The Math Genealogy tree

Since the genealogy database is not available in raw form, I spidered it in April 12 2008 and scraped the link data from the 1.5 gig large HTML directory, to get the topology of the tree. I got 104185 entries with mathematicians numbered from 1 to 120915. Entered into Mathematica, I have a list of pairs (n,m), which reads that m is a "advisor" of n. Now, I assign a label "generation" g to each mathematician, which means that the mathematician has a Grandg-1 dad, but not a Grandg dad. I also assign a label "weight" w, to each mathematician X, which is the number of mathematicians which have X as an ancestor.

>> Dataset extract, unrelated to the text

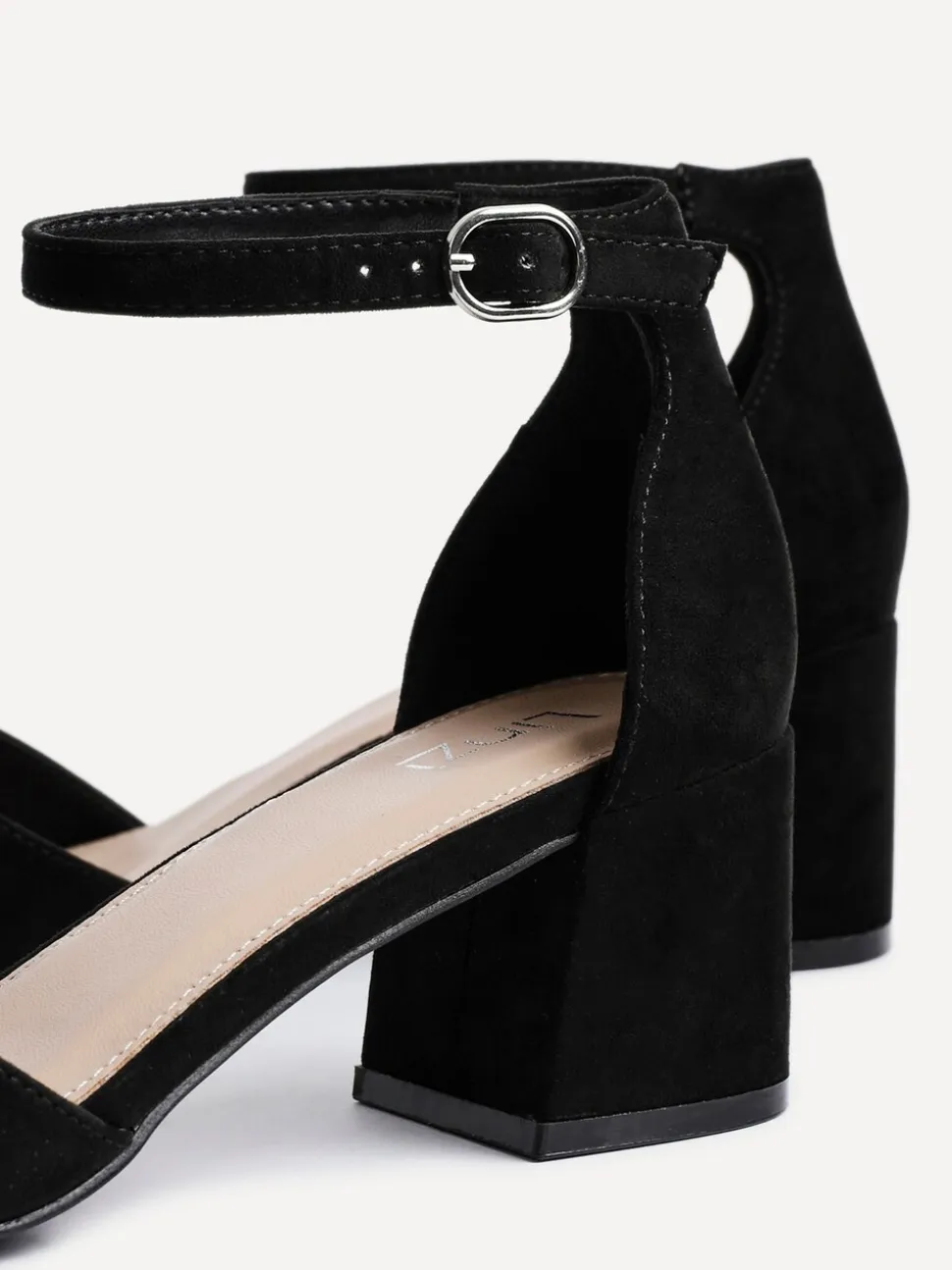 Zwart - Linzi Maddie sandalen met gesloten achterkant, open neus en hak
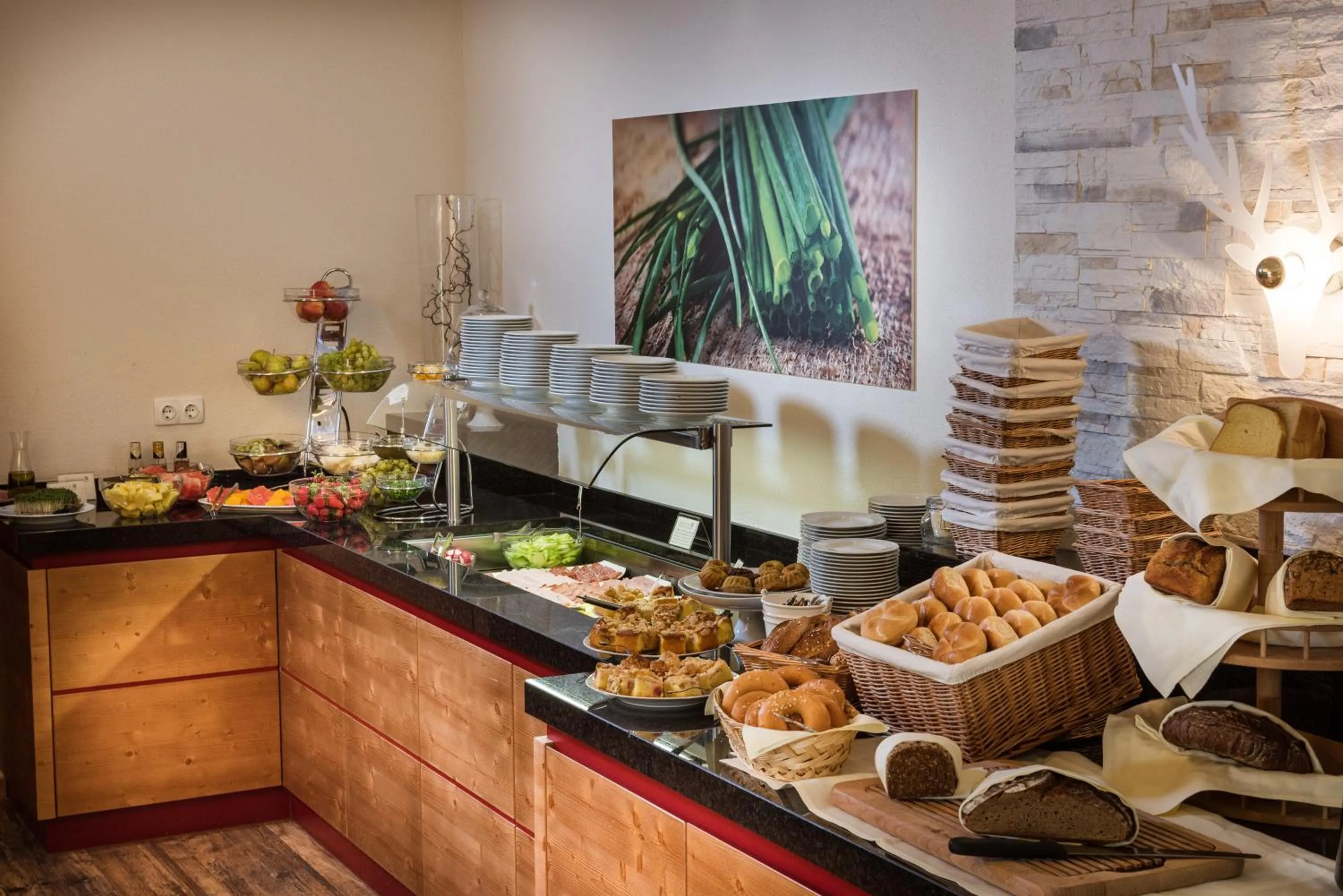 Breakfast in MONDI Hotel am Grundlsee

Visualizing the graph is difficult. Putting the mathematicians on a square and connecting (advisor,student) links produces a mess but illustrates how the database was built. You can see it if you load the PS file. There is a correlation between generation and number, but it is not uniform. We next want to render a tree where mathematicians with larger weight are enlarged and the generation sorts the tree better.

My Genealogy

Back to "random and silly" pages Euler is my Grand11 Dad (if the PhD Adviser is defined as "Dad"). Leibniz is my Grand14 Dad. This is not very special. 50'000 mathematicians (almost half of the genealogy tree) share the same property. [W] are links to Wikipedia entries. [G] links to genealogy entries.

Erhard Weigel
1625-1699 [W] [G], Popularizer of science
Gottfried Leibniz
1646-1716 [W] [G], Invention of Calculus
Jacob Bernoulli
1654-1705 [W] [G], Seperable differential equations
Johann Bernoulli
1667-1748 [W] [G], L'Hopital rule
Leonhard Euler
1707-1783 [W] [G], Euler formula
Joseph Lagrange
1736-1813 [W] [G], Lagrange multipliers
Jean-Baptiste Fourier
1768-1830 [W] [G], Fourier series
Johann Dirichlet
1805-1859 [W] [G], Dirichlet principle
Rudolf Lipschitz
1832-1903 [W] [G], Lipshitz condition
Felix Klein
1849-1925 [W] [G], Erlanger program
Ferdinand Lindemann
1852-1939 [W] [G], Pi Transcendence
Arnold Sommerfeld
1868-1951 [W] [G], Fine-structure constant
Karl Herzfeld
1892-1978 [W] [G], Physical chemistry
John Wheeler
1911-2008 [W] [G], Black hole
Arthur Wightman
1922- [W] [G], Quantum field theory
Oscar Lanford
1940- [W] [G], Feigenbaum fixed point

Oliver Knill, Department of Mathematics, Harvard University, One Oxford Street, Cambridge, MA 02138, USA. SciCenter 432 Tel: (617) 495 5549, Email: knill@math.harvard.edu Quantum calculus blog, Twitter, Youtube, TikTok, Vimeo, Linkedin, Scholar Harvard, Academia, Harvard Academia, Google Scholar, ResearchGate, Slashdot, Ello, Webcam, Fall 2019 office hours: Tentative: Mon-Fri 11:30-12:30 AM and by appointment.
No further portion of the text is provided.